**EXERCISE DETAILS:** After finding "100542257 | Photo 16" in a line below, print that line and the rest of the lines exactly, leaving out all pictures.

Entries taken from a collection:
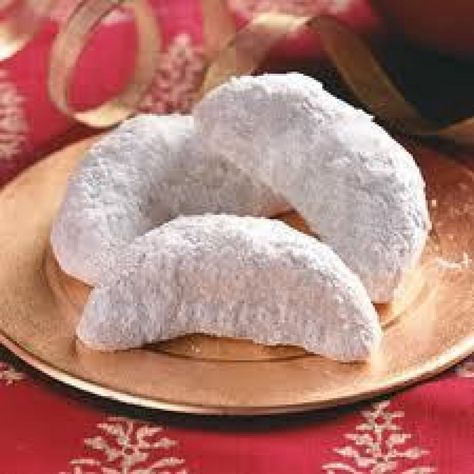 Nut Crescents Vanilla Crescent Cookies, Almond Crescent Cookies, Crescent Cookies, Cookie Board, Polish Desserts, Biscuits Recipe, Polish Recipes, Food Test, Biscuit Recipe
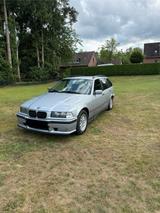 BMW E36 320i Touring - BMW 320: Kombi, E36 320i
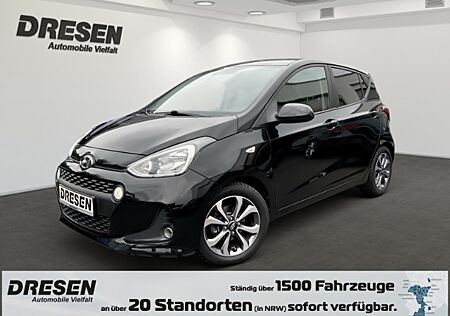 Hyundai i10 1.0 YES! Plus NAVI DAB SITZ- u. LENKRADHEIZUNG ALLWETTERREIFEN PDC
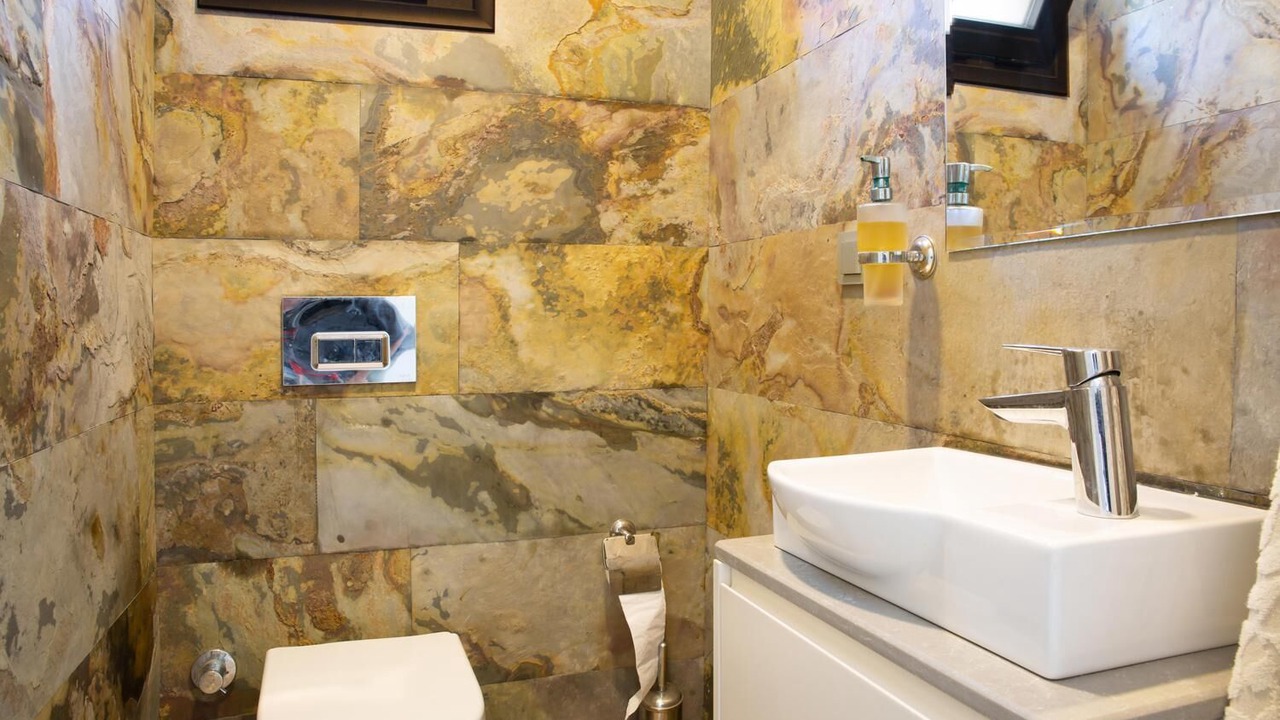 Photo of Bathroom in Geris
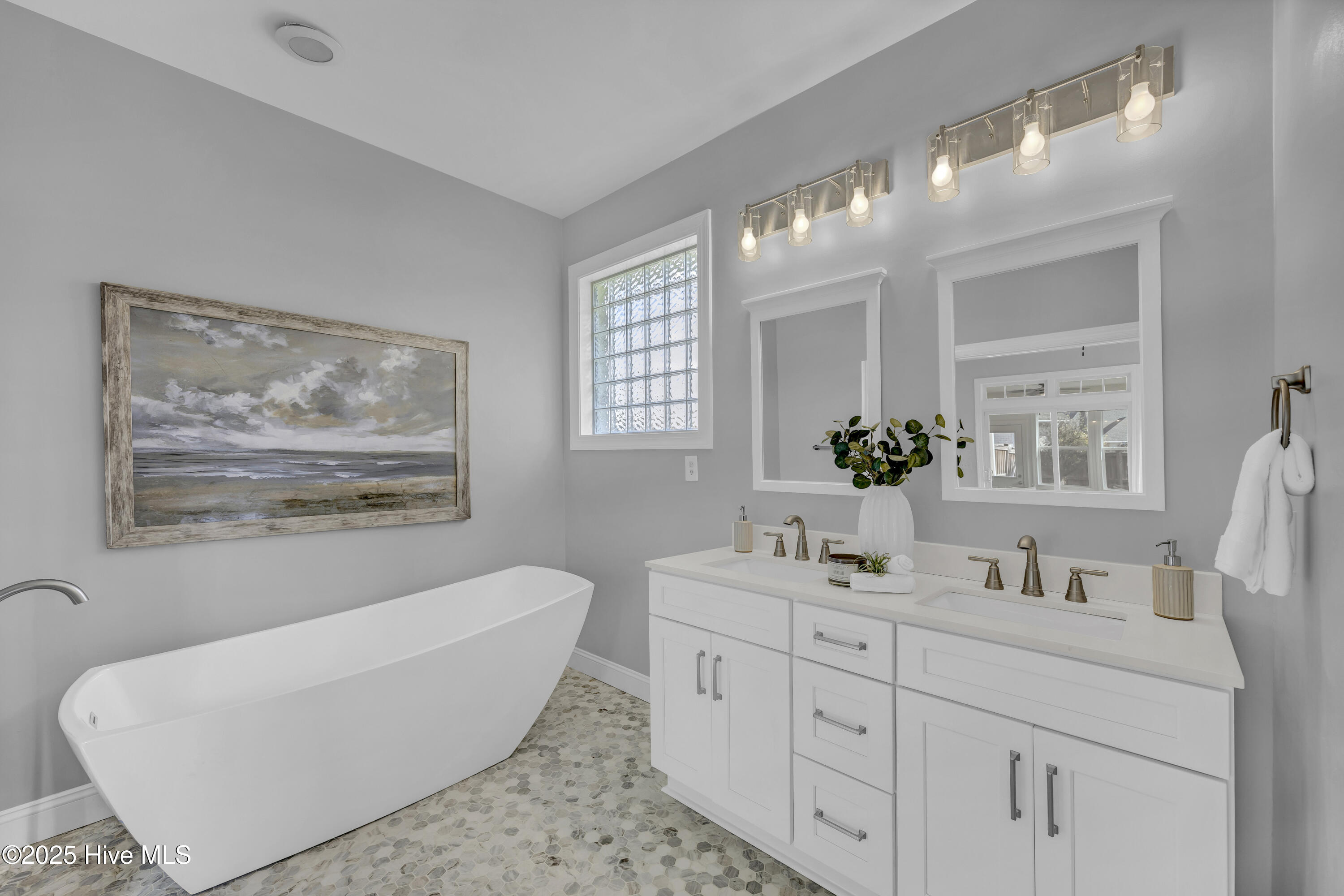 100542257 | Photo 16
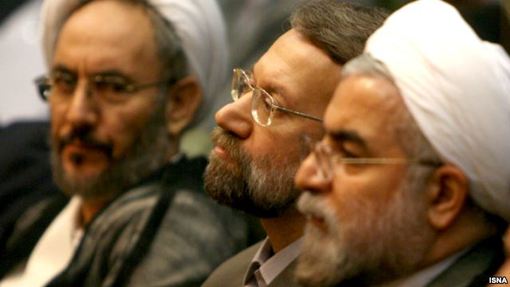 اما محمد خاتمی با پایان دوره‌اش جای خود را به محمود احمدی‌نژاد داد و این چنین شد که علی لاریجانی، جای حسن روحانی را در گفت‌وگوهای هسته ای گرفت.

**PROBLEM SOLUTION:**
 100542257 | Photo 16
 اما محمد خاتمی با پایان دوره‌اش جای خود را به محمود احمدی‌نژاد داد و این چنین شد که علی لاریجانی، جای حسن روحانی را در گفت‌وگوهای هسته ای گرفت.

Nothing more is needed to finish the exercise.